C'est ici que je devine, oui, le frémissement de la pensée.

J'imagine qu'il n'est pas tant de différences que cela entre ces bruissements de nos aubes antiques et nos balbutiements enfantins : notre parcours personnel imite si volontiers les chemins de l'espèce ou de l'histoire. Aristote a beau dire l'étonnement comme source de la philosophie et supposer un désir naturel de connaissance, ou Augustin évoquer suavement une libido sciendi qui viendrait compléter les Libido sentiendi et dominandi - même s'il est intéressant de constater que, chez lui, ce désir de connaissance est coupable dès lors qu'il consiste à croire que la vérité est accessible sans la révélation par le seul truchement de la raison. Dans cet homme des origines, autant que dans l'enfant qui se forme, je devine autant de curiosité que de peur ; autant d'appétit que de repliement.

De Spinoza à Comte, de Meyerson à Freud, de Kant à Hegel, je repère cette tendance, réglée par nos pulsions autant que par la structure de notre entendement, à tout nous ramener à nous, et donc au même ; à projeter sur le monde nos propres structures mentales autant que nos désirs. Oui sans doute nos fétiches inauguraux copient-ils à merveille notre nature désirante ; pour autant j'imagine mal nos ancêtres se précipiter avidement sur le monde avec une soif inextinguible de connaissance. Avec appétit sans doute ; peur, je ne puis l'imaginer autrement.

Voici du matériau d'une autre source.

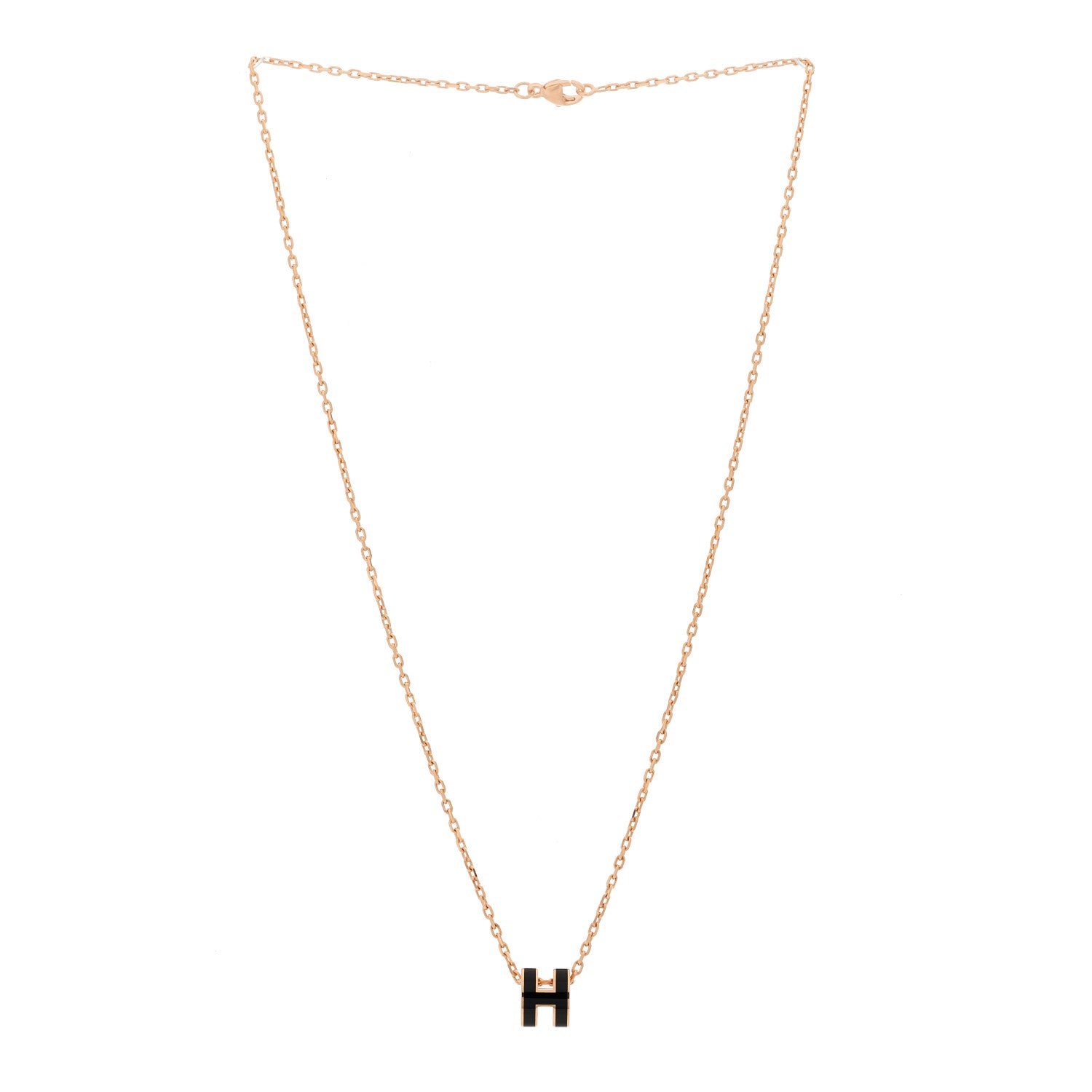 Hermes Lacquered Rose Gold Mini Pop H Pendant Necklace Black 3 of 6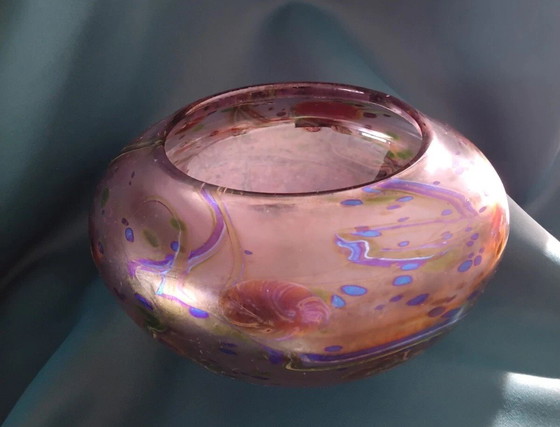 Image 1 of Peter Layton Britse Studio Art Glass Vaas Uniek (1984), Signatuur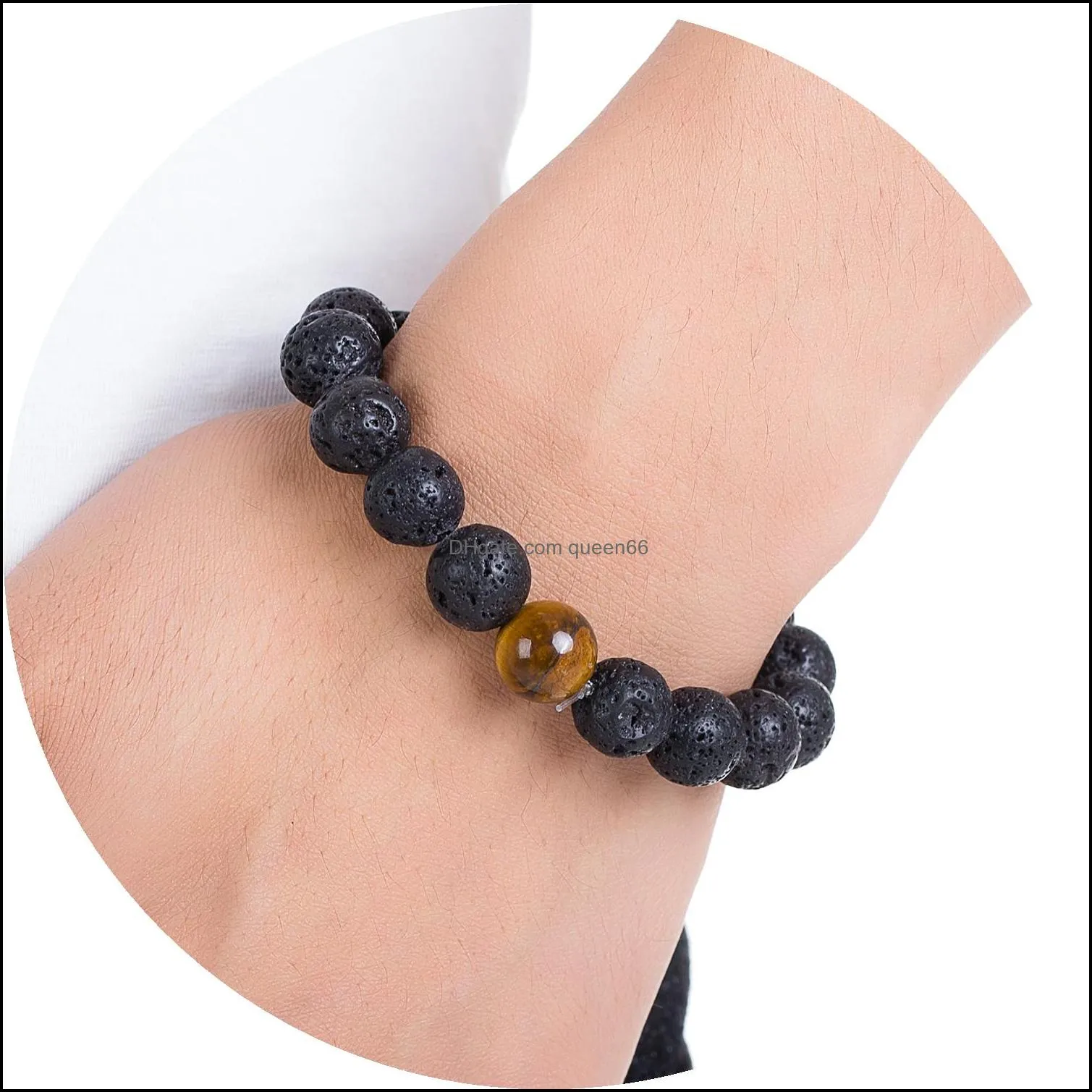 mens lava rock beaded bracelets strand black volcanic 10mm round essential oil diffusion beads with 1pcs natural gemstone yoga wrist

L'enfant qui s'aventure à marcher met autant d'intrépidité à faire ses premiers pas qu'à revenir d'un même tenant dans les jambes de sa mère ou de son père et je ne saurais oublier ces enfants gambadant dans la forêt s'avançant, courant, puis revenant, incessamment comme s'il n'était pas d'audace qui ne se dût compenser de quelque réconfort. J'imagine assez les aubes de la pensée s'arpenter de tels allers et retours où le regard porté sur le monde tantôt sonnait comme un défi tantôt résonnait comme un aveu de défaite.

Je crois bien que chez Thalès comme chez Anaximandre cette audace frissonna tout autant que l'effroi devant cette étendue qu'ils ne parvinrent à saisir que négativement : infini, apeiron, indéterminé ; l'excitation devant l'immensité de l'effort à accomplir qui ne serait jamais achevé tout autant que le tremblement inquiet devant doigts si gourds … Sans doute alternativement le regard sur soi et celui sur le monde ; la présomption un peu sotte d'une puissance à aguerrir et l'aveu honteux d'une défaite irrécusable. Alternativement ou bien en même temps.

la croisée des fondations

Ce qui rend si émouvants, mais si mystérieux, ces moments de grands commencements : ils contiennent, rassemblé en quelque anse bientôt bouchée, tout ce qui peut résumer nos contradictions. Celles d'abord qui nous fait toiser le monde avec l'insolence du freluquet et bientôt vouloir bâtir tour qui permît de tutoyer les étoiles ; voire, pis encore, braver les dieux

Oui, décidément, il faut quitter les textes qui ne nous renvoient jamais qu'aux textes ; les commentaires qui ne répondent jamais qu'aux commentaires qui les précédèrent pour demain annoncer les critiques qui devraient invariablement suivre. Ce n'est pas d'histoire dont nous avons besoin - pas même de celle des idées ; encore moins de la grande avec un H majuscule puisqu'elle est déjà écrite si souvent, si systématiquement contradictoire en ses versions successives. Non ce ne sont que d'histoires dont nous avons besoin.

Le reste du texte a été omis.